▶ Directions
Please write out all the data that follows exactly, without the pictures.

▶ Material to process
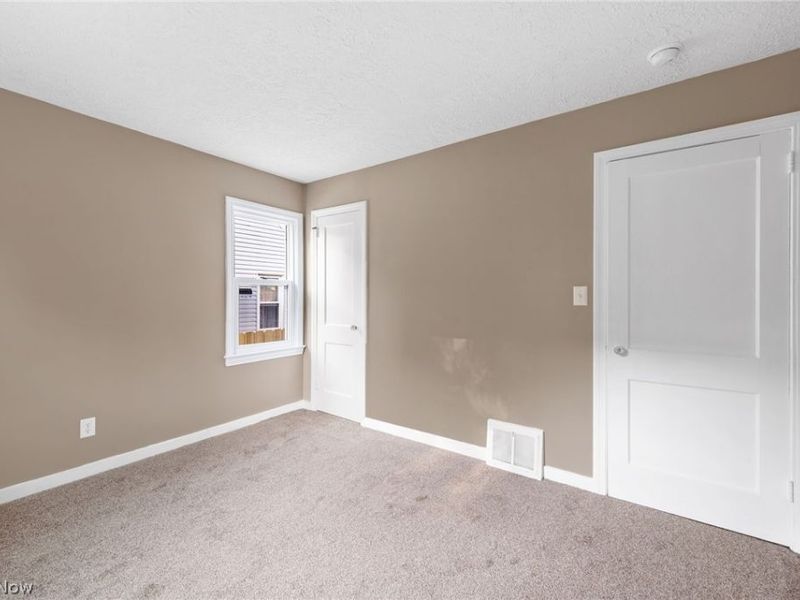 1632 Redwood Avenue, Akron, OH 44301 Photo 11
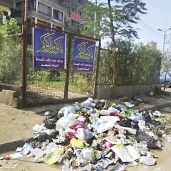 القمامة متراكمة أمام حديقة المسجد والمستشفى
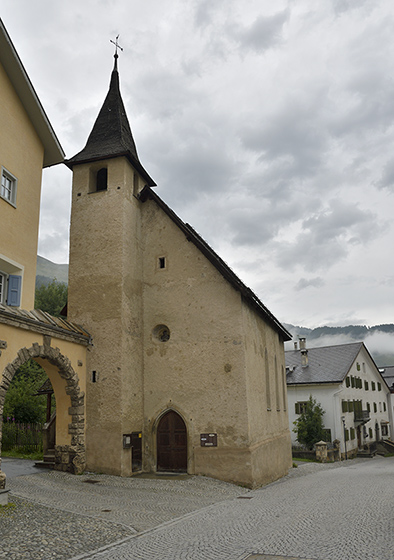 In <I>Zuoz</I> town - smaller format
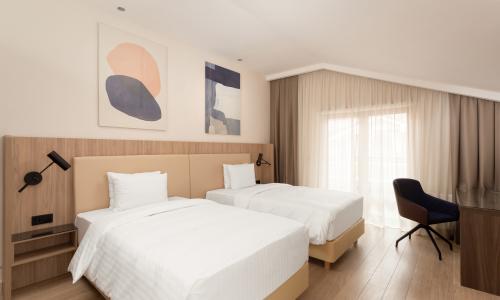 Courtyard by Marriott Sochi Krasnaya Polyana Hotel Эсто-Садок, Сочи - Фото 54. Люкс Джуниор 4-местный 3-комнатный
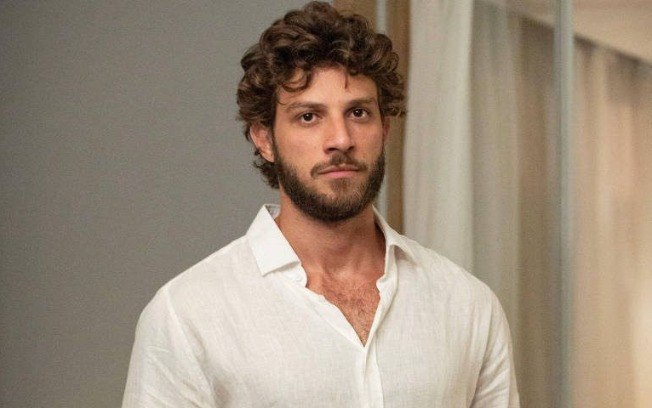 Após 'Mania de Você', Chay Suede assume novo papel no horário nobre da Globo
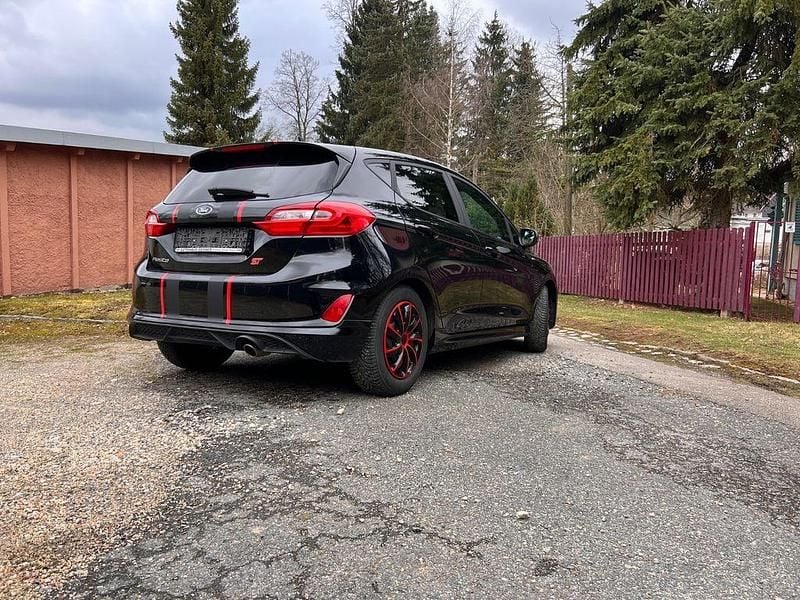 Gebraucht Ford Fiesta ST-Line 140 PS (102 kW) 2018 Schwarz Limousine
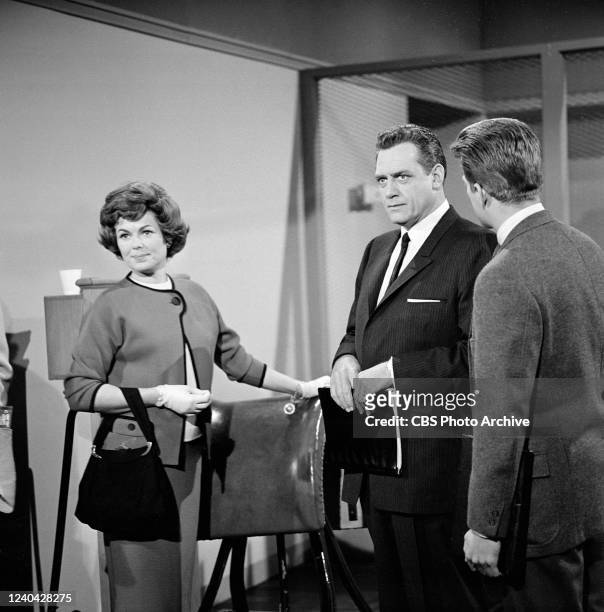 The CBS television network series "Perry Mason" stars Barbara Hale as Della Street, Raymond Burr as Perry Mason and Karl Held as David Gideon in 'The...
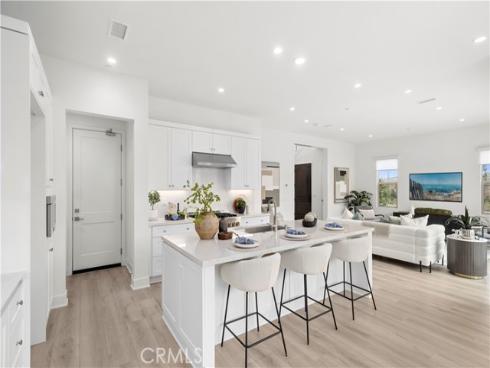 122  Glydon  , Irvine, CA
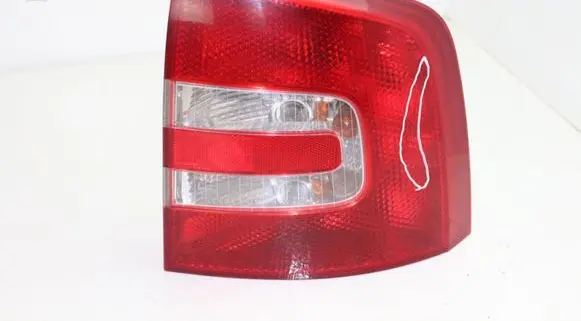 Skoda Octavia Mk2 (1Z) Rear/tail lights 1Z9945096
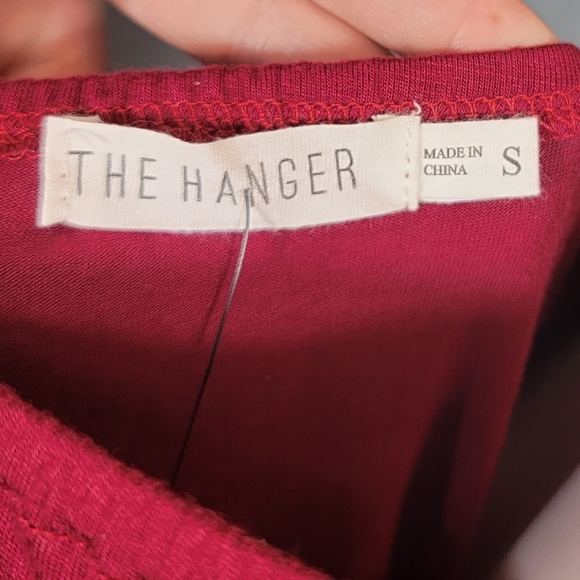 ❤ 🖤 The Hanger Crop Tops, Small, Bundle of 2 - Picture 4 of 11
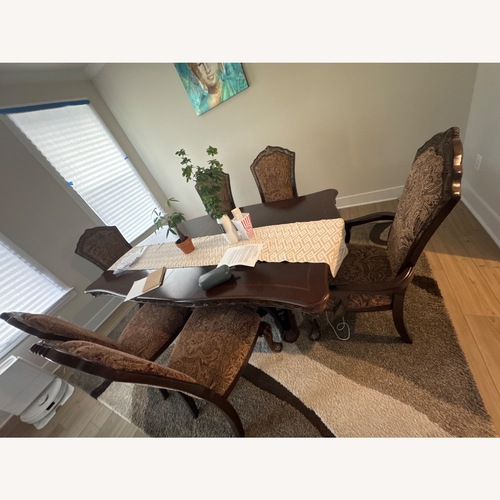 Used  Majestic 6 Seat Dining Table for sale on AptDeco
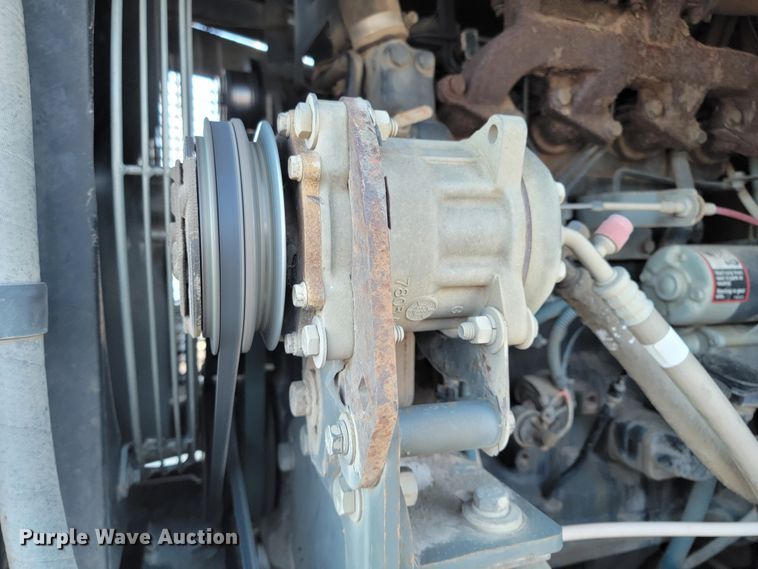 image for item LL9747 2002 Elgin Pelican P  street sweeper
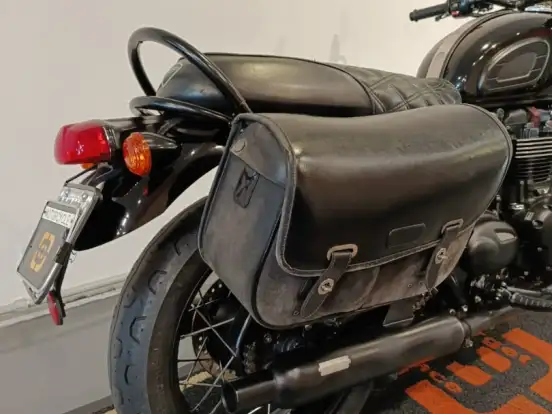 TRIUMPH-BONNEVILLE T120 BLACK 1200 TRIUMPH-BONNEVILLE T120 BLACK 1200-2017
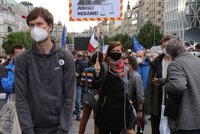 Další protest v centru Prahy: „Udavači StB, stydíme se za tebe“, adresovali Babišovi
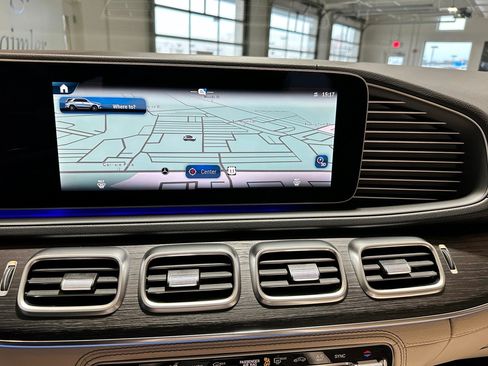 Certified 2026 Mercedes-Benz GLE 450 4MATIC image 9
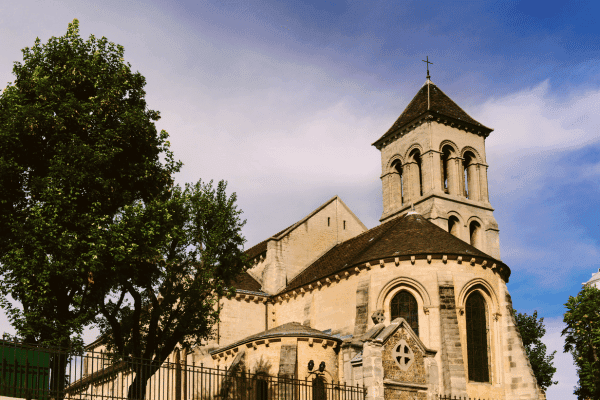 Statue of Saint-Denis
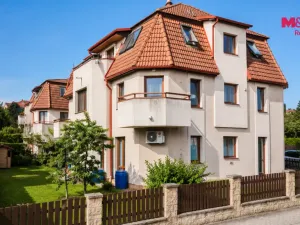 Pronájem bytu 4+kk, Úvaly, nám. Svobody, 104 m2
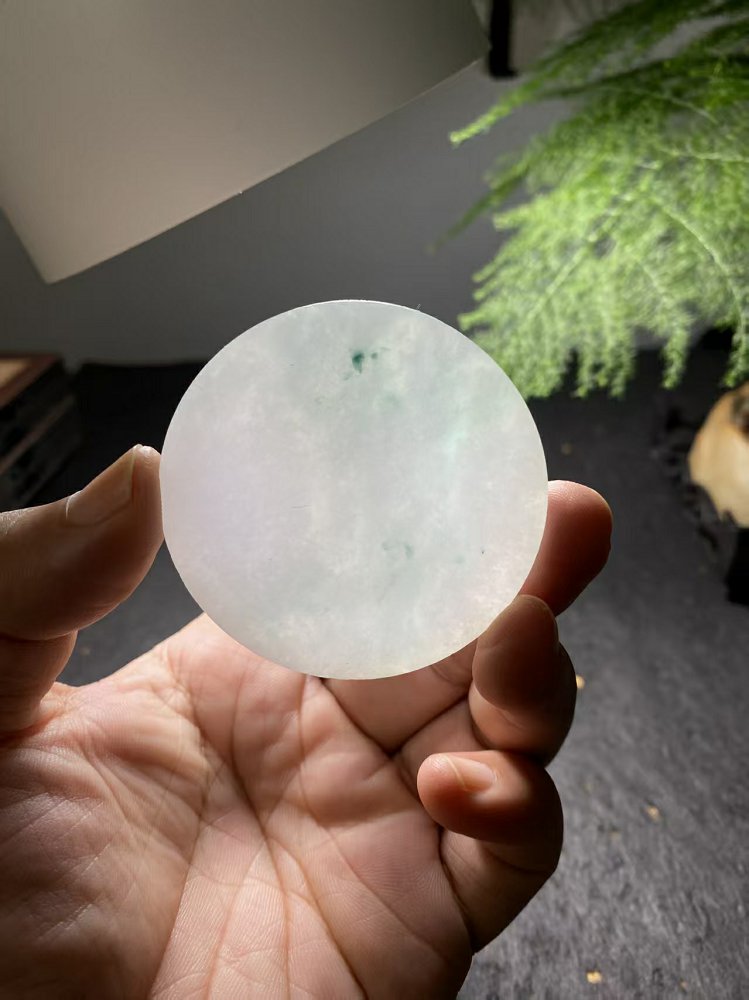 冰底飘花翡翠圆牌料 天然 A 货冰种飘花原石明料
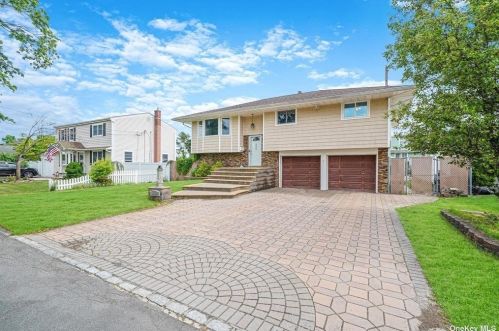452 Outlook Ave, Babylon, NY 11704-4312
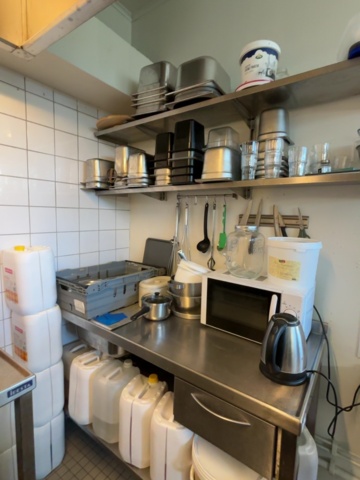 1373354-4 Samling med storköksutrustning, rostfri bänk och bunkar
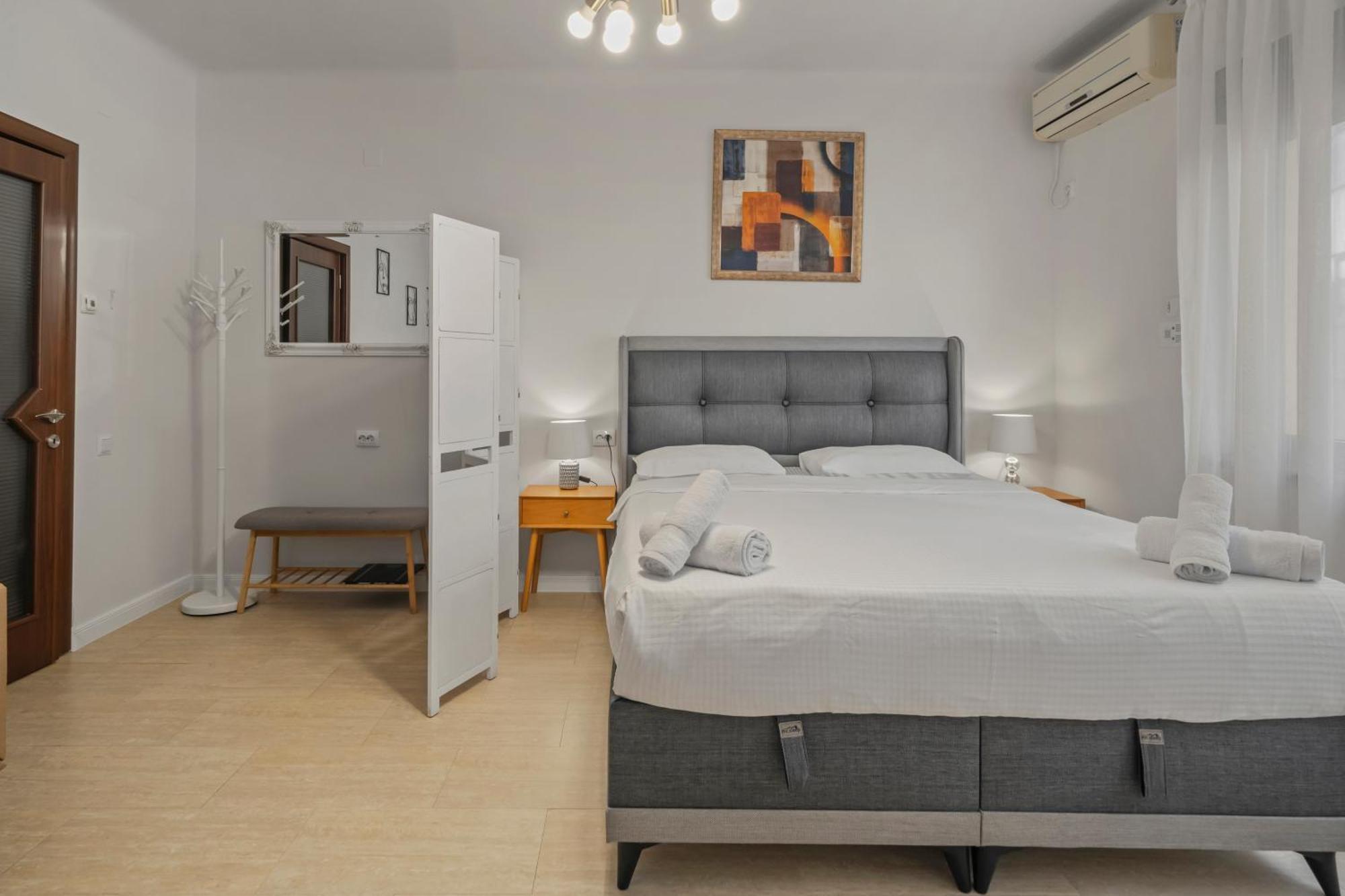 Upscale Studio, Walking Distance From The Old Town Bucharest Luaran gambar
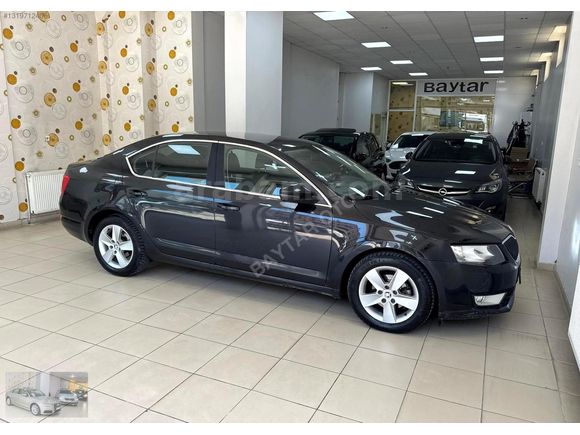 FIRSAT ARACI_2015 SKODA OCTAVİA 1.6 TDİ 6 İLERİ MANUEL VİTES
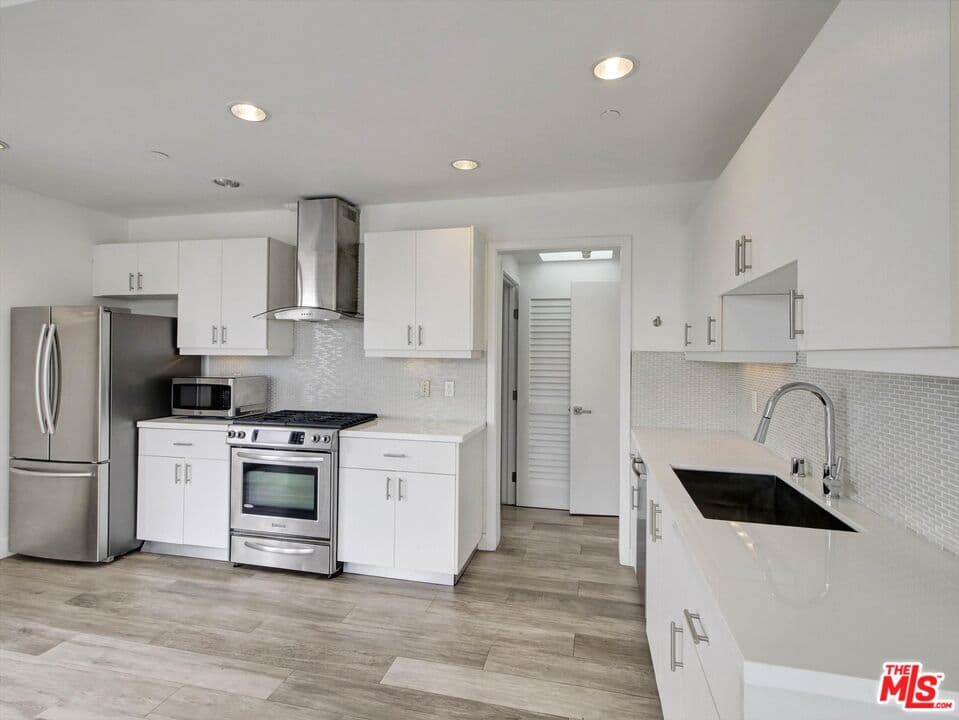1 bd, 2 ba Apartment in Los Angeles, CA — $3,495/mo — photo 2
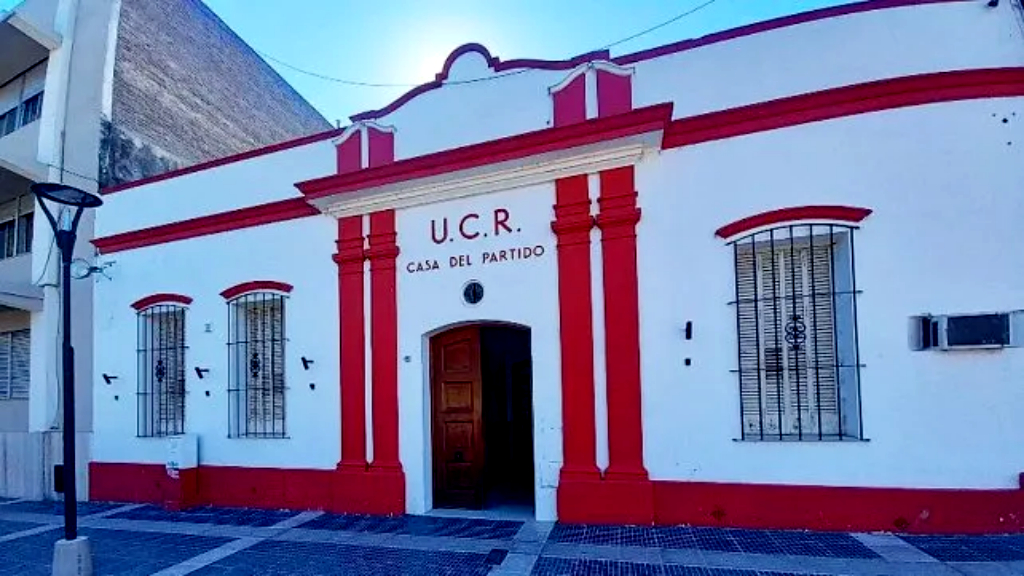 El radicalismo salió a bancar la reforma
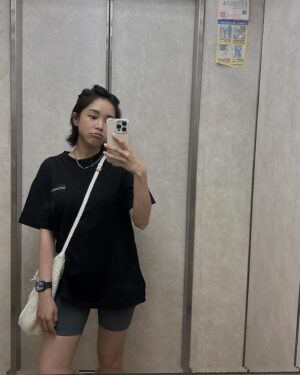 Cecilia So Instagram - 所以我又上戲劇課了
一個星期不停的練習時間真的很快就過了
每次多了解自己一點點還是有很驚訝的感覺「原來我會這樣噢」
我真的很喜歡會對這件事心存尊敬又不加批判而且非常認真的人
謝謝我的伙伴和老師
讓我很安全放心的交出自己
過程很累但太好玩了

「永遠不要放棄你的目標」
在一場戲中如此
在人生中也如是唷！！！(｡ì _ í｡)

#珊在台北記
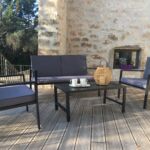 Terrasse ombragée en bois avec salon de jardin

▶ Task response
 1632 Redwood Avenue, Akron, OH 44301 Photo 11
 القمامة متراكمة أمام حديقة المسجد والمستشفى
 In <I>Zuoz</I> town - smaller format
 Courtyard by Marriott Sochi Krasnaya Polyana Hotel Эсто-Садок, Сочи - Фото 54. Люкс Джуниор 4-местный 3-комнатный
 Após 'Mania de Você', Chay Suede assume novo papel no horário nobre da Globo
 Gebraucht Ford Fiesta ST-Line 140 PS (102 kW) 2018 Schwarz Limousine
 The CBS television network series "Perry Mason" stars Barbara Hale as Della Street, Raymond Burr as Perry Mason and Karl Held as David Gideon in 'The...
 122  Glydon  , Irvine, CA
 Skoda Octavia Mk2 (1Z) Rear/tail lights 1Z9945096
 ❤ 🖤 The Hanger Crop Tops, Small, Bundle of 2 - Picture 4 of 11
 Used  Majestic 6 Seat Dining Table for sale on AptDeco
 image for item LL9747 2002 Elgin Pelican P  street sweeper
 TRIUMPH-BONNEVILLE T120 BLACK 1200 TRIUMPH-BONNEVILLE T120 BLACK 1200-2017
 Další protest v centru Prahy: „Udavači StB, stydíme se za tebe“, adresovali Babišovi
 Certified 2026 Mercedes-Benz GLE 450 4MATIC image 9
 Statue of Saint-Denis
 Pronájem bytu 4+kk, Úvaly, nám. Svobody, 104 m2
 冰底飘花翡翠圆牌料 天然 A 货冰种飘花原石明料
452 Outlook Ave, Babylon, NY 11704-4312
 1373354-4 Samling med storköksutrustning, rostfri bänk och bunkar
 Upscale Studio, Walking Distance From The Old Town Bucharest Luaran gambar
 FIRSAT ARACI_2015 SKODA OCTAVİA 1.6 TDİ 6 İLERİ MANUEL VİTES
1 bd, 2 ba Apartment in Los Angeles, CA — $3,495/mo — photo 2
 El radicalismo salió a bancar la reforma
 Cecilia So Instagram - 所以我又上戲劇課了
一個星期不停的練習時間真的很快就過了
每次多了解自己一點點還是有很驚訝的感覺「原來我會這樣噢」
我真的很喜歡會對這件事心存尊敬又不加批判而且非常認真的人
謝謝我的伙伴和老師
讓我很安全放心的交出自己
過程很累但太好玩了

「永遠不要放棄你的目標」
在一場戲中如此
在人生中也如是唷！！！(｡ì _ í｡)

#珊在台北記
 Terrasse ombragée en bois avec salon de jardin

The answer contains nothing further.